I believe there is at least one saving story from which, over time, we may gain strength and insight for our common story, poetry and preaching. What Whitman said about poetry is doubly true for the Gospel itself:
The United States themselves are essentially the greatest poem . . . Here, at last, is something in the doings of man that corresponds with the broadcast doings of the day and the night . . . Really great poetry is always the result of a national spirit, and not the privilege of a polished and select few the strongest and sweetest songs yet remain to be sung.5
Here is what a godly love of country can do.
This year, without much fanfare, we passed the seventieth anniversary of Jackie Robinson’s entrance into major league baseball. The armed forces were still legally segregated. So were public schools. That was America in 1947, when a tee-totaling, Bible-quoting Republican from Ohio integrated major league baseball. Who remembers today the lone ranger type—so decried in church circles today—who spent most of a lifetime working for one transformation. Rickey was taught the Gospel in the Methodist church of that time where there was to be no separation, like that we have today, between a deep personal faith (conservative) and an active social involvement (liberal). Rickey was one of those people who just never heard that “it can’t be done.” For thirty years, slowly and painstakingly, he maneuvered and strategized and planned and brought about the greatest change in the history of our national pastime. It can be done. Go to Cooperstown this summer and see the story unfold. There is sermon on the mound, preached in life, brought to voice through one lone Methodist, in one lone lifetime, in one lone sport, in one lone generation. It can be done.
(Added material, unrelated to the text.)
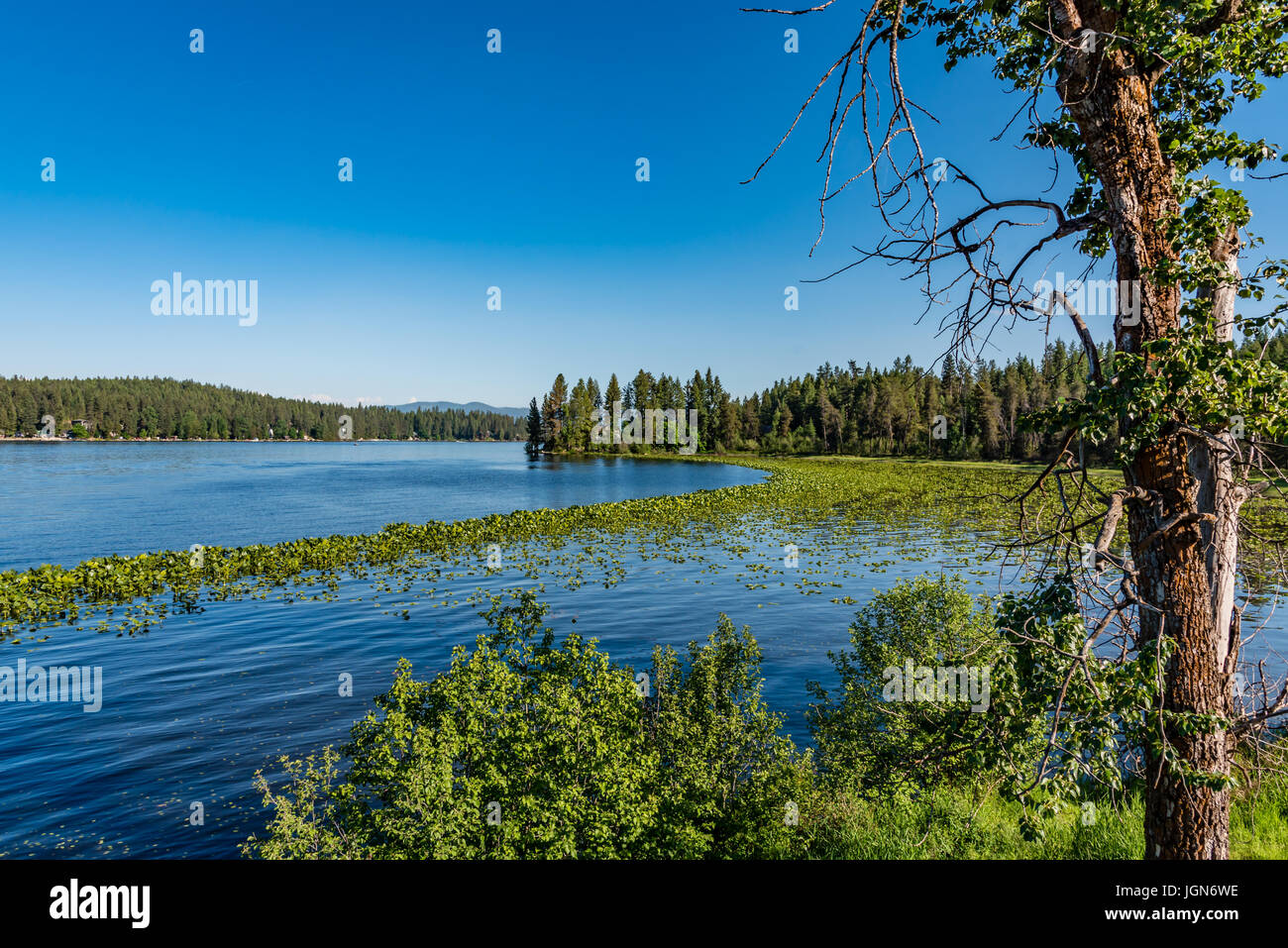 Mckenzie Conservation Area, Newman Lake, Washington. USA Stock Photo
But you need a preacher, like Rickey: “I prefer the errors of enthusiasm to the reticence of wisdom.”6
• Where is the Branch Rickey of Wall Street?
• Where is the Branch Rickey of the local church?
• Where is the Branch Rickey of the public school?
• Where is the Branch Rickey of your neighborhood?
• Where is that secular saint who doesn’t realize it can’t be done?
• Where is the preacher of the next sermon on the mound?
• Maybe she is here today. Maybe you are she.
I heard William McClain, an African-American preacher, tell about growing up in Tuskegee, Alabama. He grew up listening to the team Branch Rickey fielded in Brooklyn. “When Jackie stood at the plate, we stood with him. When he struck out, we did too. When he hit the ball, we jumped and cheered. When he slid home, we dusted off our own pants. When he stole a base, he stole for us. When he hit a home run, we were the victors. And when he was spiked, we felt it, a long way away, down south. He gave us hope. He gave us hope.”7
Don’t let people tell you things can’t change for the better. They can. This country can work. We just need a few more Branch Rickeys and a few sermons on the mound.
For freedom, Christ has set us free. Stand fast, therefore, and do not be enslaved again.
1. Winthrop, “Model of Christian Charity,” 246.
2. Lincoln, “Second Inaugural Address,” 477.
3. King Jr., “Speech at Civil Rights March,” 823.
4. Franklin, “Poor Richard’s Almanac, 1735,” 319.
5. Whitman, “Leaves of Grass,” 519.
6. Rickey, “Branch Rickey Quotes.”
7. From the author’s memory, during a sermon at UMCNCNY Annual Conference in 1995.